Mae West: aktorka, która gardziła normami. Za "obrazę moralności" trafiła przed sąd
W latach 30. ubiegłego wieku była jedną z najbardziej fascynujących i kontrowersyjnych gwiazd Hollywood. Otoczona wianuszkiem wielbicieli, bez ogródek opowiadała o swoich miłosnych przygodach, emanowała seksapilem i erotyzmem. Przy tym jednak Mae West, urodzona 17 sierpnia 1893 roku, była kobietą wyzwoloną i inteligentną; świadomie kpiła też ze swojego filmowego wizerunku. Nie respektowała żadnych ograniczeń, wytykała fałsz i uprzedzenia, w swoich sztukach bez wahania łamała tabu, a za "obrazę moralności" zdarzyło się jej nawet trafić przed sąd.

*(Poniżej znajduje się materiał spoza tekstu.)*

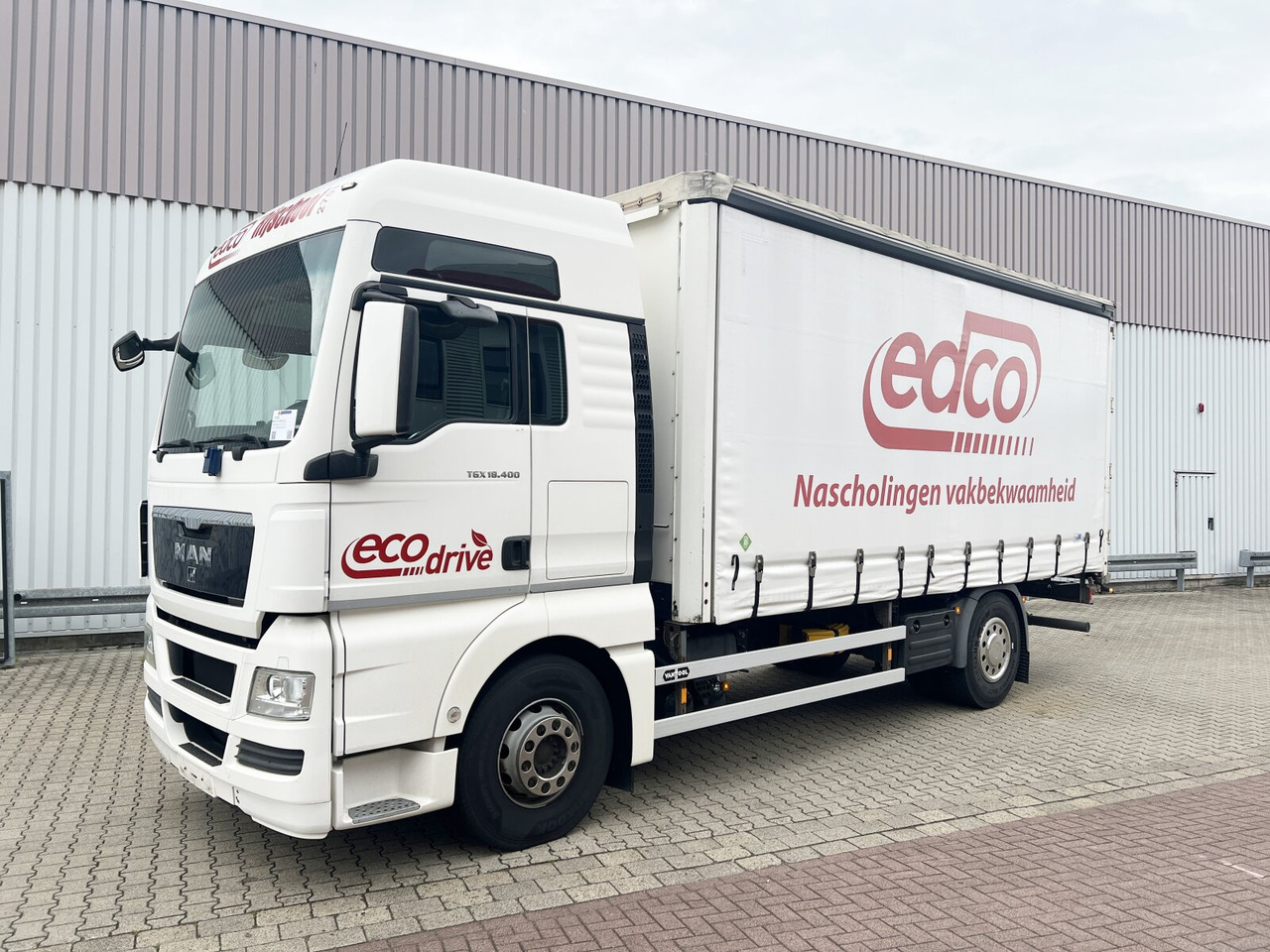 MAN TGX 18.400 4X2 BL TGX 18.400 4X2 BL, Fahrschule, 2x AHK, 6 Sitzer - Dropside/ Flatbed truck: picture 1 MAN TGX 18.400 4X2 BL TGX 18.400 4X2 BL, Fahrschule, 2x AHK, 6 Sitzer - Dropside/ Flatbed truck: picture 1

Jej kariera załamała się, gdy na jaw wyszły dwa sekrety, które starannie próbowała ukryć przed światem - fakt, że tak naprawdę była mężatką, oraz prawdziwy wiek.
Skandal na skandalu
Mała Mary Jane, wspierana przez matkę, już od najmłodszych lat marzyła o występach na scenie; zaczynała od amatorskich spektakli, brała udział w konkursach talentów i wreszcie trafiła do teatru (najpierw jako "Baby Mae", potem "Jane Mast"), a stamtąd, w 1911 roku, na wymarzony Broadway. Szybko zachwyciła krytyków, którzy wróżyli nastoletniej dziewczynie wielką karierę - tym bardziej, że ambitna West dowiodła, iż jest artystką wszechstronnie utalentowaną. Sama pisała sztuki, a w 1926 roku wyreżyserowała spektakl "Sex" (w którym również zagrała). Publiczność szalała z zachwytu, ale zaraz potem West i jej ekipa zostali aresztowani za obrazę moralność - aktorka spędziła 10 dni za kratami, oskarżona o deprawację nieletnich.
"Emerytka" na ekranie
Ten skandal nie zaszkodził jej karierze, przeciwnie - gazety rozpisywały się o nowej, niebojącej się kontrowersji gwieździe, a dziennikarze w napięciu czekali na jej kolejny krok, wietrząc kolejny temat na pierwszą stronę. West spełniła ich nadzieje - niedługo potem stworzyła kolejną sztukę, która wywołała niemałe zamieszanie, "The Drag", poruszającą temat homoseksualizmu.
I znów się jej upiekło - nie została odsądzona od czci i wiary, doceniono za to jej tupet i niedługo potem podpisała kontrakt z wytwórnią Paramount Pictures. Ponieważ jednak aktorka zbliżała się do czterdziestki, a w Hollywood wiek miał wielkie znaczenie, postanowiono zataić przed publicznością jej prawdziwą datę urodzenia. Podziałało i West zaczęła robić wielką karierę filmową.
"Uważajcie! Nadchodzi Mae West"
Filmy z jej udziałem - jak "Lady Lou" czy "Nie jestem aniołem" - przyniosły aktorce wielką popularność i uznanie na całym świecie.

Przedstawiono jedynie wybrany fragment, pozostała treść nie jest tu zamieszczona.